Alienasi memiliki beberapa dimensi, yang akan digunakan dalam melihat sistem perburuhan melalui outsourcing.
Pertama, buruh teralienasi dari aktivitas produktif, dalam pengertian bahwa buruh tidak bekerja untuk memenuhi kebutuhan mereka, melainkan mereka bekerja untuk kapitalis. Kedua, buruh teralienasi dari produk hasil kerja mereka. Buruh tidak memiliki hak untuk memiliki produk hasil produksi mereka, karena produk tersebut hak milik kapitalis. Ketiga, buruh teralienasi dari sesama pekerja. Keempat, buruh tealienasi dari kemanusiaan mereka sendiri, hal ini dikarenakan kerja tidak lagi menjadi transformasi dan pemenuhan sifat dasar manusia (Ritzer dan Gidden, 2008 : 56-57). Selain demensi alienasi akan dilihat juga nilai surplus dari mekanisme outsourcing. Nilai surplus muncul sebagai akibat dari eksploitasi dan dominasi dari kapitalisme tidak hanya sekedar distribusi kesejahteraan dan kekuasan yang tidak seimbang. Paksaan tidak dianggap sebagai kekerasan, malah dianggap sebagai kebutuhan pekerja itu sendiri yang hanya bisa dipenuhi melalui upah. Nilai surplus merupakan nilai lebih yang dihasilkan oleh buruh dalam bekerja. Seorang buruh yang mampu menghasilkan suatu produksi dalam waktu beberapa jam untuk mencapai targetan pokok, dan sisa waktunya adalah nilai surplus bagi kapitalis untuk mendapatkan produk tanpa imbalan ke faktor produksi yaitu buruh. Hak-hak tersebut diambil alih oleh kapitalis, Marx menyebut rasio antara kerja yang diperlukan dan kerja surplus sebagai tingkat nilai surplus atau tingkat pemerasan (Anthony Gidden, 2007 : 61).

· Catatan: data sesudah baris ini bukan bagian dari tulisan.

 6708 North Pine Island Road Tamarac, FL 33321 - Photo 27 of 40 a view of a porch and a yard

Kedua pisau analisis tersebut akan menjadi acuan dalam analisis sistem perburuhan outsourcing. Dalam melihat outsoursingada dua pendekatan yaitu dari sisi perusahaan (penguasa modal) dan dari persfektif buruh. Persfektif dasar dengan landasan yang berbeda memberikan penafsiran yang juga berbeda pula. Praktek outsourcing merupakan gejala global yang dapat dipandang sebagai ikon dari globalisasi. Outsourcing merupakan bagian dari mekanisme pasar yang dimaksudkan untuk melakukan efisiensi dalam industri, tetapi dari sisi lain menimbulkan ketidakpastian kerja (Rekson Silaban, 2009 : 67). Kontroversi sistem outsourcing memunculkan perdebatan panjang antara pihak perusahaan dengan kaum buruh, salah satu diuntungkan dan yang lainnya dirugikan.

BAGIAN DUA ANALISIS DAN WACANA
2.1. Mekanisme Outsourcing Dalam Industri Di Indonesia.

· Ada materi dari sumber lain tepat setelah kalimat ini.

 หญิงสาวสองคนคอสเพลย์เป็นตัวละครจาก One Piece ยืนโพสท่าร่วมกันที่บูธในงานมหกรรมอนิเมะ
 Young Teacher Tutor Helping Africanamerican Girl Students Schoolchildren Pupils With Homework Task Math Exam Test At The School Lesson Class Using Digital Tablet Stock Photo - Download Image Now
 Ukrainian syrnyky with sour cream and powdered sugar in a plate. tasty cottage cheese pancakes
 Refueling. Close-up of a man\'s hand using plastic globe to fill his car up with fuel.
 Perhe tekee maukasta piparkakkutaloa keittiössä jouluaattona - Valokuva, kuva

Perkembangan kapitalisme di era modern telah mencapai pada puncaknya menghegemoni dunia. Kondisi ini didukung oleh kemajuan teknologi informasi dan transportasi yang berkembang cukup pesat. Batas-batas Negara menjadi tidak penting lagi, hanya batas formalitas teritorial yang ada, tetapi tidak mampu membendung pernyebaran ide-ide, inovasi, teknologi sehingga dunia menjadi sebuah kampung global. Menurut James J (2003 : 174), globalisasi merupakan pengintegrasian internasional individu-individu dengan jaringan-jaringan informasi serta institusi ekonomi, sosial, dan politik yang terjadi secara cepat dan mendalam, dalam takaran yang belum dialami sejarah dunia sebelumnya. Outsourcing merupakan turunan dari kapitalisme global. Dikatakan juga sebagai anak kandung yang lahir dari rahim kapitalis, kondisi ini tidak bisa dilepaskan dari sifat dasar kapitalis yaitu eksploitatif dan ekspansif. Perusahaan-perusahaan transnasional dan multi nasional, semakin kuat mengcengkram Negara-negara yang sedang berkembang. Ekspansi dan eksploitasi yang besar-besaran dilakukan demi akumulasi modal. Sebagai contoh perusahaan NIKE selama periode 1989-1994 membuka lokasi pabrik baru di Cina, Indonesia dan Thailand dimana upah sangat rendah.
Ekspansi besar-besaran perusahaan transnasional diiringi juga dengan model dan format kerja yang mereka persiapkan (outsourcing), untuk diterapkan di wilayah pengembangan perusahaan. Ini merupakan implementasi dari ciri globalisasi dimana perusahaan transnasional melakukan peningkatan konsentrasi dan monopoli berbagai sumberdaya dan kekuatan ekonomi (Martin Khor, 2001 : 12). Karena itu globalisasi adalah proses yang tidak adil dengan distribusi-distribusi keuntungan maupun kerugian yang juga tidak seimbang.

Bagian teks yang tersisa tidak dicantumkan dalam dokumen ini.